Print the whole listing below exactly, skipping every picture.

[[ Recorded information, beginning ]]

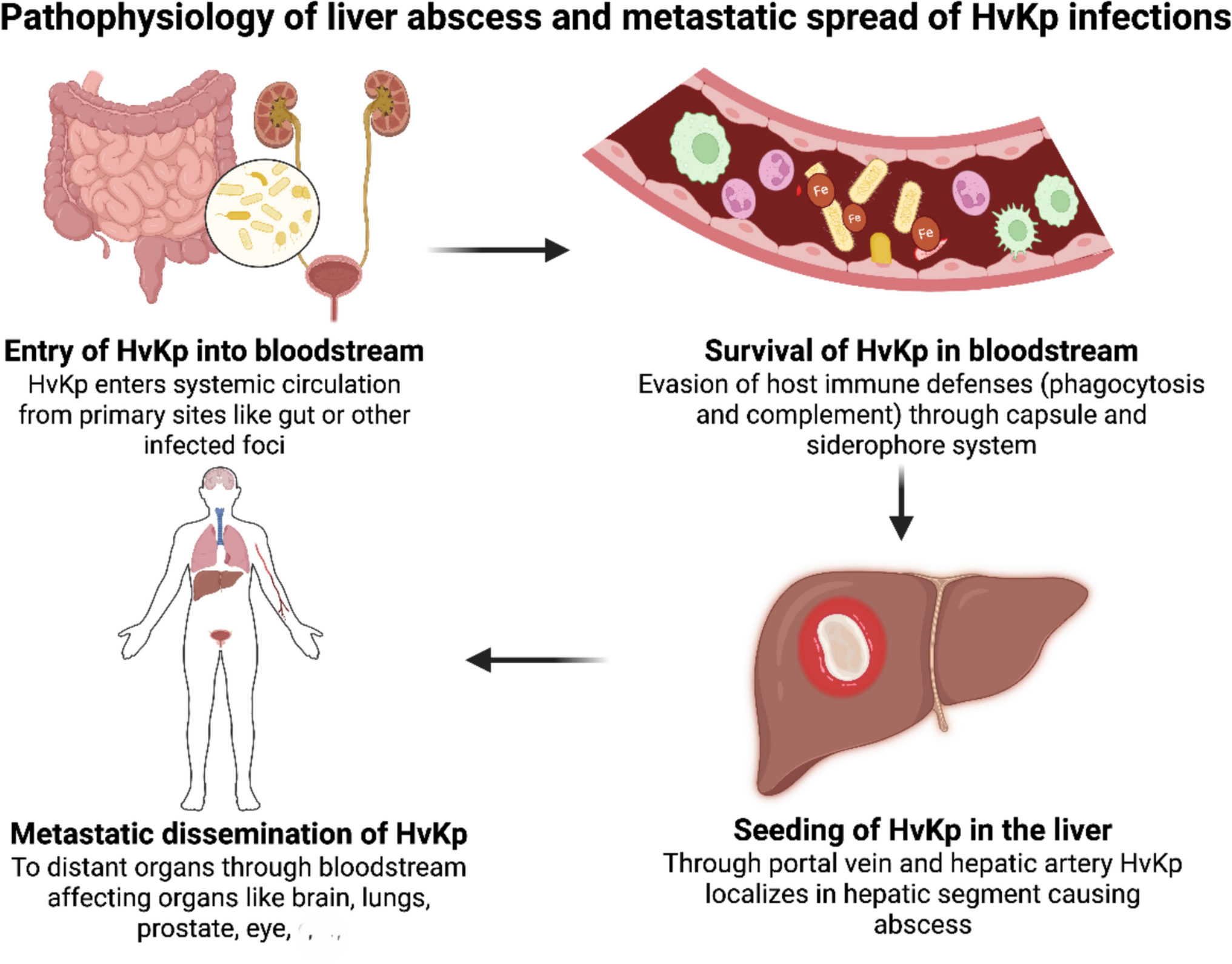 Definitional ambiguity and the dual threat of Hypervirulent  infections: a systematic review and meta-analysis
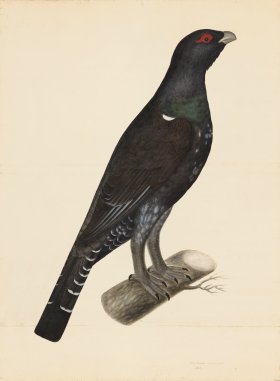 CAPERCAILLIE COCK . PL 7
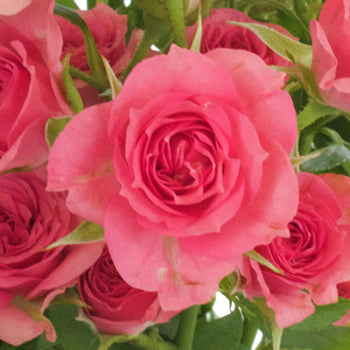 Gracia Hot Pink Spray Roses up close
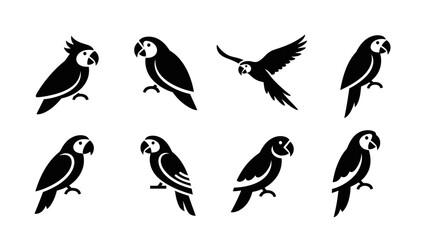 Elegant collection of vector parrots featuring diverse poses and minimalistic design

[[ Recorded information, end ]]

■ Result of the exercise
 Definitional ambiguity and the dual threat of Hypervirulent  infections: a systematic review and meta-analysis
 CAPERCAILLIE COCK . PL 7
 Gracia Hot Pink Spray Roses up close
 Elegant collection of vector parrots featuring diverse poses and minimalistic design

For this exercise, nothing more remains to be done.